Kognisi adalah kerja otak untuk menciptakan model yang dapat diterima sementara yang memungkinkan seseorang untuk menavigasi kehidupan (dari operasi mental verbal yang paling sederhana hingga karya ilmiah dari kedalaman apa pun), menenangkan kebutuhan pikiran untuk menjelaskan segala sesuatu yang masuk ke dalam zona perhatian manusia. Agar tidak meledak dengan kemarahan pada hal yang kelihatannya “keburukan”, ada baiknya terlebih dahulu “mencerna”, menyerap dan menguasai pernyataan non-sepele lainnya, yang pemahamannya menjadi ciri tahap tertentu dalam perkembangannya. pikiran orang tertentu: “Hukum apa pun menggambarkan sesuatu yang tidak ada di alam”. Patut dicatat bahwa hal ini menyiratkan tidak dapat diterimanya penggunaan frasa “hukum alam”, serta “hukum alam semesta”, “hukum alam semesta”, dan vulgarisme serupa di akhir era modern. Hukum fisika, hukum kimia, hukum Newton,..., hukum Parkinson, hukum kekejaman, hukum sandwich ─ benar (yang terakhir ini benar karena semua orang memahami bahwa ini adalah lelucon), karena hukum-hukum ini berlaku dalam ilmu-ilmu buatan manusia dengan aksiomatik dan modelnya, tetapi bukan “hukum alam”. Tampaknya mendasar, tetapi kegagalan untuk memahami hal ini adalah jebakan dari era modernitas yang telah berlalu, yang sayangnya, dialami oleh sebagian besar orang (bahkan sangat berlebihan, karena dengan pandangan mereka yang lamban mereka menekan kesimpulan dari kelompok minoritas yang cenderung untuk mempelajari masalah ini), termasuk ilmuwan yang serius, sebagian besar adalah ilmuwan alam.
Sangat mengherankan bahwa di sana (dalam perangkap ini) terdapat sebagian besar ilmu humaniora, khususnya, mayoritas dari mereka yang percaya akan keberadaan “esensi segala sesuatu” para filsuf atau kemungkinan menulis “sejarah objektif” oleh para filsuf. peneliti masa lalu yang ceria yang tidak tersiksa oleh penyesalan dan menyatakan: "itulah yang terjadi." !", atau dengan keyakinan untuk memaksakan pada kita gagasan bahwa "itulah yang terjadi." Namun, kita harus memahaminya Kehidupan sehari-hari kepercayaan mendasar masyarakat terhadap keberadaan nyata apa yang mereka pikirkan tidak diragukan lagi diperlukan.

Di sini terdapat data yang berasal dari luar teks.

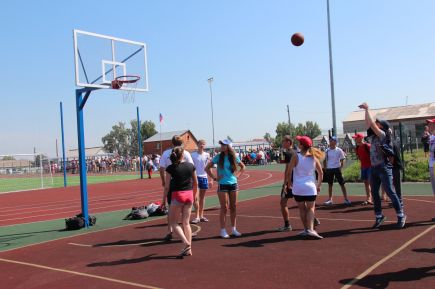 В Советском районе торжественно открылась спортивная площадка, построенная по проекту «Газпром – детям» (фото).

Karena segala sesuatu yang kita, sebagai subjek yang berpikir, pertimbangkan (diskusikan) adalah “mental-kreatif” (dengan analogi dengan benda-benda “buatan manusia” yang diciptakan oleh kita, dan khususnya oleh kita, sebagai makhluk rasional), maka kita dapat berbicara tentang “ objektivitas” atau “ekstra-subjektivitas” (yaitu, di luar orang yang memikirkan hal-hal tersebut) keberadaan benda dan subjek, serta sebab dan akibat secara umum, berarti menggunakan model alam yang tidak memadai. Seperti yang dikatakan seseorang, kita melihat dunia melalui kata-kata (tersedia dalam kosakata kita). Pada saat yang sama, kita, dalam keadaan sadar, terus-menerus menjelaskan sesuatu kepada diri kita sendiri atau orang lain, berusaha mencapai kepuasan dari pemahaman, dengan mengembangkan model yang menghilangkan kesalahpahaman kita. Seolah-olah seseorang sedang melakukan percakapan dengan dirinya sendiri dengan bantuan suara batinnya, yaitu. penjelasan sendiri, dan tidak selalu mungkin untuk menyadari bahwa ini adalah percakapan (bahkan ada metode untuk menekan artikulasi internal, yang menurut penulis metode ini, secara signifikan mempercepat pembicaraan internal dan akumulasi informasi). Sebagai hasil dari pencapaian pemahaman individu, pengisian dan restrukturisasi memori deklaratif pribadi kita, yang merupakan gudang informasi, terjadi.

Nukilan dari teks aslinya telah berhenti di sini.